Despite £175bn of quantitative easing, bank lending in the UK remains weak. This threatens to restrain the economic recovery and equity market rally, according to Legal & General Investment Management (LGIM) Economist James Carrick.
Carrick explained that policy makers in the developed world have been working overtime to encourage banks to lend at the ‘normal’ levels experienced during the past decade. However, Carrick argued these ‘normal’ levels are no longer realistic.
He said: “The factors which contributed to the secular rise in debt over the past decade are now reversing. Populations are ageing, interest rates can’t go any lower and sub-prime lending is over.”
As a result, Carrick explained that higher levels of savings (where consumers pay down debt) and lower spending will weigh on the pace of the recovery.

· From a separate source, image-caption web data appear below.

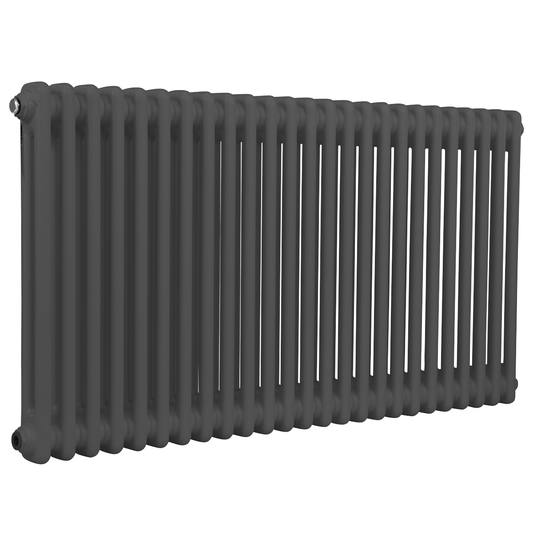 Baridi DH360 Baridi Horizontal Traditional 2 Column Radiator 600 x 1147mm – Anthracite
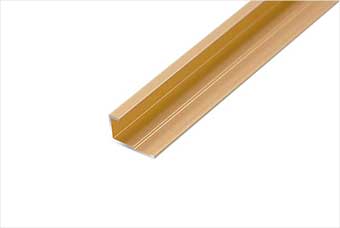 巢湖航空纤维墙咔铝合金边条（钛金氧化）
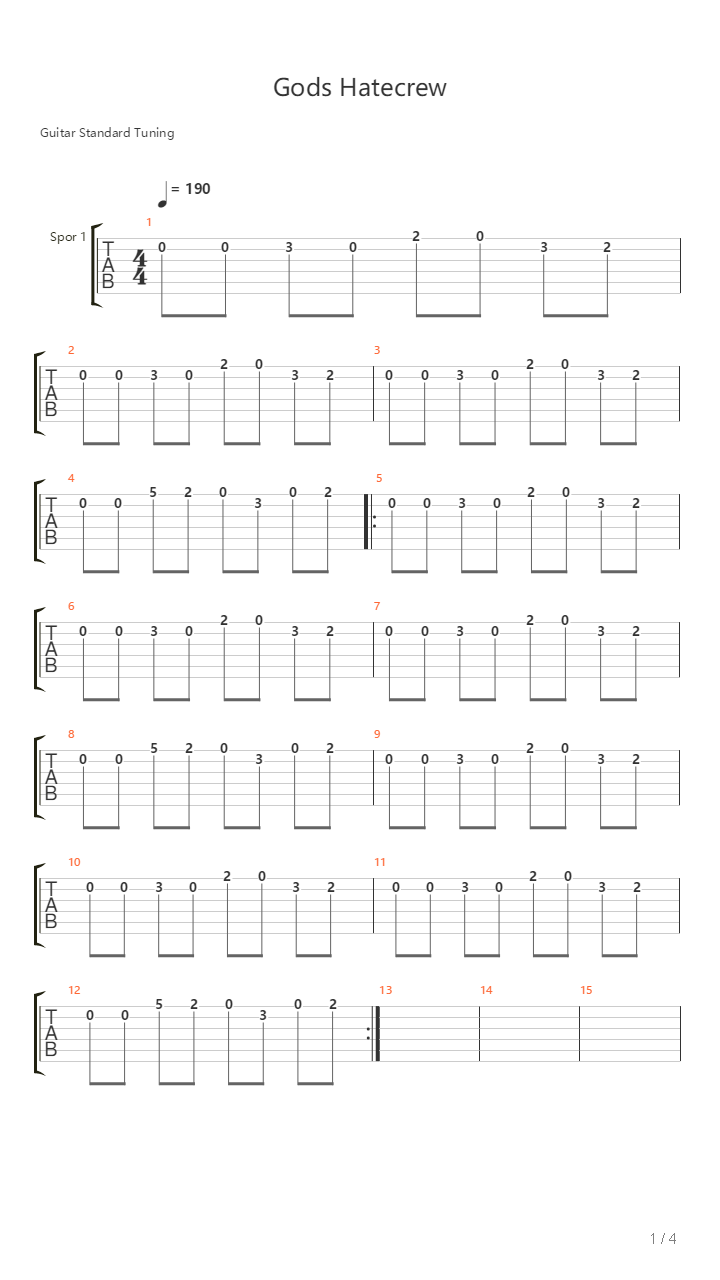 Gods Hatecrew吉他谱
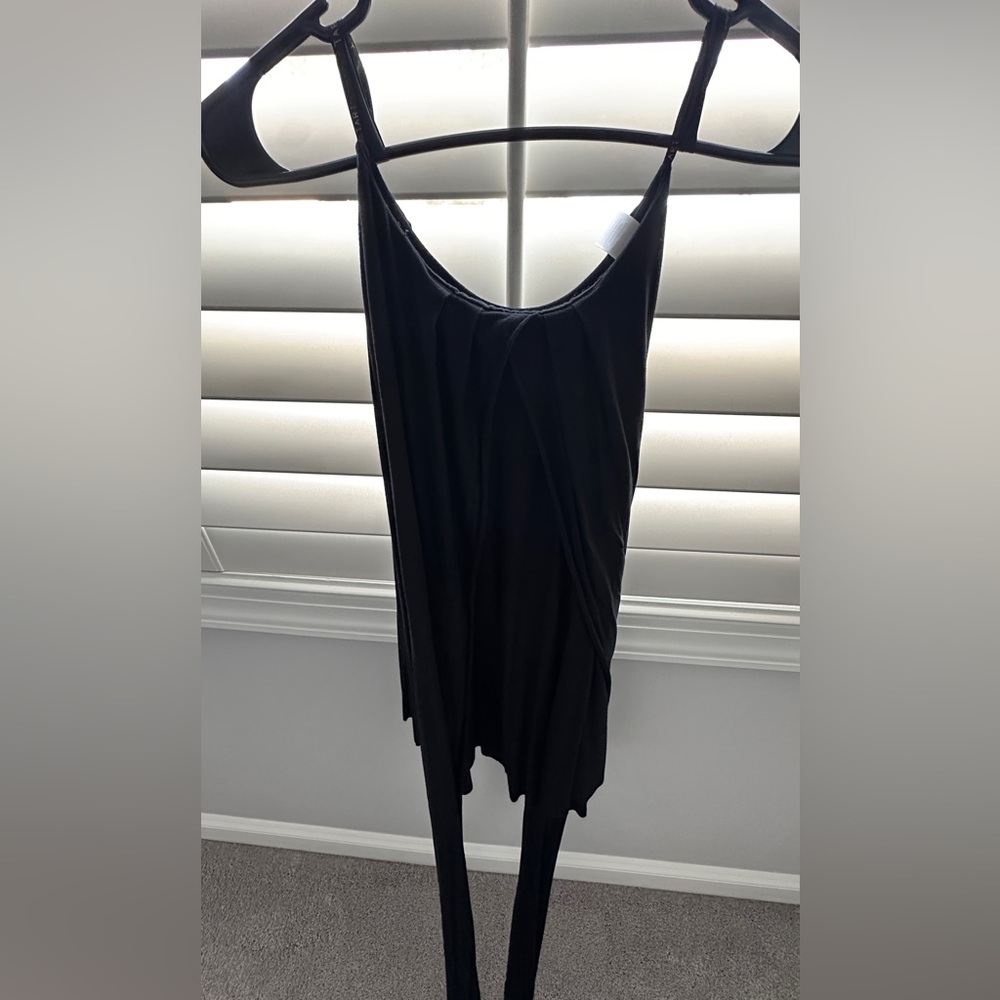 Tart Black Sleeveless Convertible Wrap Dress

Legal & General is therefore not predicting a double-dip recession. Instead Carrick described a more subdued period of growth next year as households are unable to borrow to spend money they don’t have and unemployment remains high.
“On the flip-side, while consumers in the developed world are still suffering a hangover from the credit-crunch, the debt party in many emerging economies is still in full swing. This suggests that companies with exposure to the developing world will fare better,” Carrick said.
He did however fail to mention the implications for these companies, and indeed the global economy, when the debt party there collapses.